Step S209, adjusting model parameters of the correlation analysis model with the aim of minimizing the prediction loss.
In this embodiment, various implementations may be used to adjust model parameters of the correlation analysis model with the goal of minimizing the predictive loss. For example, a BP (Back Propagation) algorithm, an SGD (Stochastic Gradient Descent, random gradient descent) algorithm, or the like may be employed to adjust model parameters of the correlation analysis model.
Reviewing the above procedure, in the above embodiment, when the correlation analysis model is trained, a plurality of prediction scores obtained based on the correlation analysis model are smoothed, so that the distribution of the obtained processing scores becomes smoother. Then, model parameters of the correlation analysis model are adjusted based on the correlation coefficients between the plurality of processing scores and the plurality of correlation labels as prediction losses. Because the distribution of the plurality of processing scores is smoother, the ordering among the plurality of prediction scores of the model can be reflected, and the model parameters are adjusted based on the prediction losses among the plurality of processing scores and the plurality of correlation labels, so that the prediction scores output by the correlation analysis model obtained through training are more suitable for ordering.
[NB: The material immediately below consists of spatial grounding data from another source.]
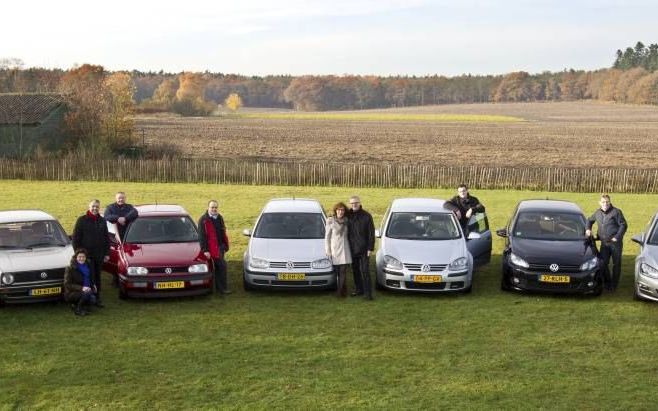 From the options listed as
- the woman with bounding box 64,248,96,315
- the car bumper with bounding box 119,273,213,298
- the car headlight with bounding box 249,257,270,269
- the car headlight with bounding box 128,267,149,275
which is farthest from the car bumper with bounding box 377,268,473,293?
the woman with bounding box 64,248,96,315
The above describes the training process of the correlation analysis model, and the correlation analysis model thus obtained can process the object and the plurality of candidate contents input therein to obtain a plurality of prediction scores of the correlation between the object and the plurality of candidate contents. The plurality of prediction scores thus obtained may be more suitable for ranking. Therefore, the plurality of candidate contents are ranked based on the plurality of prediction scores, and the ranking result can be more accurate.
With continued reference to fig. 3, fig. 3 illustrates a flow chart of a relevance ranking method according to one embodiment. It is understood that the method may be performed by any apparatus, device, platform, cluster of devices having computing, processing capabilities. And an execution body for training the correlation analysis model and an execution body for executing the correlation sorting method may be the same or different. As shown in fig. 3, the relevance ranking method may include the steps of:
in step S301, a target object and a plurality of candidate contents are acquired.
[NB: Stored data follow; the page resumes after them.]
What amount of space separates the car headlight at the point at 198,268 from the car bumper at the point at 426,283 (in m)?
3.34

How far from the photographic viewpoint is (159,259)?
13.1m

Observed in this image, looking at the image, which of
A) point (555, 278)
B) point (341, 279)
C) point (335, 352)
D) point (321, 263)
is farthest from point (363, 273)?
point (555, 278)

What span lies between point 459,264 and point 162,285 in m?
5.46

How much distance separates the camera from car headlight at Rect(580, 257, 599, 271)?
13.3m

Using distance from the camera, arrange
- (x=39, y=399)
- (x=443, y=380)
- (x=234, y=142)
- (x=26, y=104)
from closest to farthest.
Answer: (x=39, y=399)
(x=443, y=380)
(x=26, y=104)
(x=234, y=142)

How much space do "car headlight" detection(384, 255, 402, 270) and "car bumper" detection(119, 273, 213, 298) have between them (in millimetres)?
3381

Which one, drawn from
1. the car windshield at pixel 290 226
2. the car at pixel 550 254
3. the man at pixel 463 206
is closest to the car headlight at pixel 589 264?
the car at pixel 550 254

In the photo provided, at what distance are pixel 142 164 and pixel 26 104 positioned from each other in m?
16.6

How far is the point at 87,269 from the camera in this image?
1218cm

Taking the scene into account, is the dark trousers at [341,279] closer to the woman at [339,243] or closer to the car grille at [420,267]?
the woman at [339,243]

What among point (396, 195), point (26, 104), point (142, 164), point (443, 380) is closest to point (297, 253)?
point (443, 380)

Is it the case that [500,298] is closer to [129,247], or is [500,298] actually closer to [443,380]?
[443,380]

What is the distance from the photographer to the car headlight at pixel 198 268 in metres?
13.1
In this embodiment, for different application scenarios, there may be different target objects and multiple candidate contents corresponding to each other. For example, in an application scenario in which items are recommended to a user, a target object may be the user, the user corresponds to user portrait information, a plurality of candidate contents may be a plurality of items to be recommended for the user, and each item may correspond to item information. For another example, in an application scenario of information retrieval, the target object may be retrieval information, and the plurality of candidate contents may be a plurality of retrieval results obtained based on the retrieval information. For another example, in an application scenario for tagging information, the target information may include various information to be tagged, such as text, image, video, and the like, and the plurality of candidate contents may include a plurality of tags.
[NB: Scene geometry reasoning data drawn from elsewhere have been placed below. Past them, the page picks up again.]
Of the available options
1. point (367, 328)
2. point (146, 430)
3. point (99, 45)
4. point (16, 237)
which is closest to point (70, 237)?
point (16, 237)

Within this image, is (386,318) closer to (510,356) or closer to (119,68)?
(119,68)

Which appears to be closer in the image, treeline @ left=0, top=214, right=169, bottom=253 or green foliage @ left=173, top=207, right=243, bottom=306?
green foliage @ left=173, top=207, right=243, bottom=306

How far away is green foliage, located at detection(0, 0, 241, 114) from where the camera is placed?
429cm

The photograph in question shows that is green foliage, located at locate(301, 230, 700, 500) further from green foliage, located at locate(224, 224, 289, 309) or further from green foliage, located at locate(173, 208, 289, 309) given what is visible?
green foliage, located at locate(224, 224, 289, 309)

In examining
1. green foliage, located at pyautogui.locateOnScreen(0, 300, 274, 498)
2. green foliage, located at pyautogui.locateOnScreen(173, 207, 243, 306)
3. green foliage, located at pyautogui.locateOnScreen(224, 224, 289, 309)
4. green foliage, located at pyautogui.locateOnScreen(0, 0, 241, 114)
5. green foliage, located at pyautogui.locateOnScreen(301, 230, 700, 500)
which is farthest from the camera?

Step S303, inputting the target object and the plurality of candidate contents into a correlation analysis model to obtain a plurality of prediction scores of correlation between the target object and the plurality of candidate contents.
In this embodiment, the correlation analysis model may be a model trained according to the method described in fig. 2. The model can perform correlation analysis on the target object and multiple candidate contents, so as to obtain a prediction score of correlation between the target object and each candidate content, wherein each candidate content corresponds to one prediction score. Here, the higher the prediction score, the stronger the correlation between the target object and the candidate content.
Step S305, determining the sorting result of the plurality of candidate contents according to the plurality of prediction scores.
In this embodiment, a predictive score may be obtained for each candidate content based on the processing of the correlation analysis model. Based on a plurality of prediction scores corresponding to the plurality of candidate contents, the plurality of candidate contents can be ranked, and a ranking result is obtained. For example, the multiple item selection content may be ordered according to the order in which the corresponding prediction scores are from large to small.
In some implementations, the above-described relevance ranking method may further include the following, not shown in fig. 3: and recalling a plurality of candidate contents from the plurality of candidate contents as recommended results according to the sorting results.
In this implementation, several candidate contents may be recalled from the multiple candidate contents according to the sorting result of step S305 as the recommendation result. For example, assuming that the ranking result is ranked in order of high to low based on the corresponding prediction scores, the candidate content ranked in the first several digits may be selected as the recommendation result.
Reviewing the above, in the above embodiment, the plurality of candidate contents are ranked based on the plurality of prediction scores output by the correlation analysis model. The prediction scores output by the correlation analysis model obtained through training are more suitable for sequencing, so that the sequencing result can be more accurate through the method of the embodiment.
According to an embodiment of another aspect, an apparatus for training a correlation analysis model is provided. The above-described means for training a correlation analysis model may be deployed in any device, platform or cluster of devices having computing, processing capabilities.
FIG. 4 illustrates a schematic block diagram of an apparatus for training a correlation analysis model, according to one embodiment. As shown in fig. 4, the apparatus 400 for training a correlation analysis model may include: a first obtaining unit 401 configured to obtain sample data, including a sample object, a plurality of contents to be matched, and a plurality of correlation labels between the sample object and the plurality of contents; a first input unit 402 configured to input the sample object and the plurality of contents into a correlation analysis model, and obtain a plurality of prediction scores of correlations between the sample object and the plurality of contents; a smoothing unit 403 configured to perform smoothing processing on the plurality of prediction scores to obtain a plurality of processing scores; a determining unit 404 configured to determine, as a prediction loss, a correlation coefficient between the plurality of processing scores and the plurality of correlation labels; and an adjustment unit 405 configured to adjust model parameters of the correlation analysis model with the objective of minimizing the prediction loss.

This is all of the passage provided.